Input material:

------------------------------------------------------------

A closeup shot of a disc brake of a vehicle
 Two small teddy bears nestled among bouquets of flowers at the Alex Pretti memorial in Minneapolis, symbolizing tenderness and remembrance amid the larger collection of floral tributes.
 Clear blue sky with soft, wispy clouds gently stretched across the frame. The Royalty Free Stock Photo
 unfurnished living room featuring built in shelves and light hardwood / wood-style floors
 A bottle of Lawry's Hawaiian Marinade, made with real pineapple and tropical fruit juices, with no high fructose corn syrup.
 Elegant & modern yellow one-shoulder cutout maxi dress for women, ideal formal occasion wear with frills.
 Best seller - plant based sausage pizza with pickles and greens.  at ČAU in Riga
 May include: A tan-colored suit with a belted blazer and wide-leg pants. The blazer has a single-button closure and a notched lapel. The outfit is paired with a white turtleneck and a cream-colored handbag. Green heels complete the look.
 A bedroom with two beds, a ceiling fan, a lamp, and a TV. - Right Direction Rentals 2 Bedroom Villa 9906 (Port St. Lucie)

------------------------------------------------------------

Assigned task:
Everything above from the line containing "A bottle of" through the line containing "Elegant & modern" must be copied exactly. Nothing outside that range belongs in the answer.

Result for this exercise:
 A bottle of Lawry's Hawaiian Marinade, made with real pineapple and tropical fruit juices, with no high fructose corn syrup.
 Elegant & modern yellow one-shoulder cutout maxi dress for women, ideal formal occasion wear with frills.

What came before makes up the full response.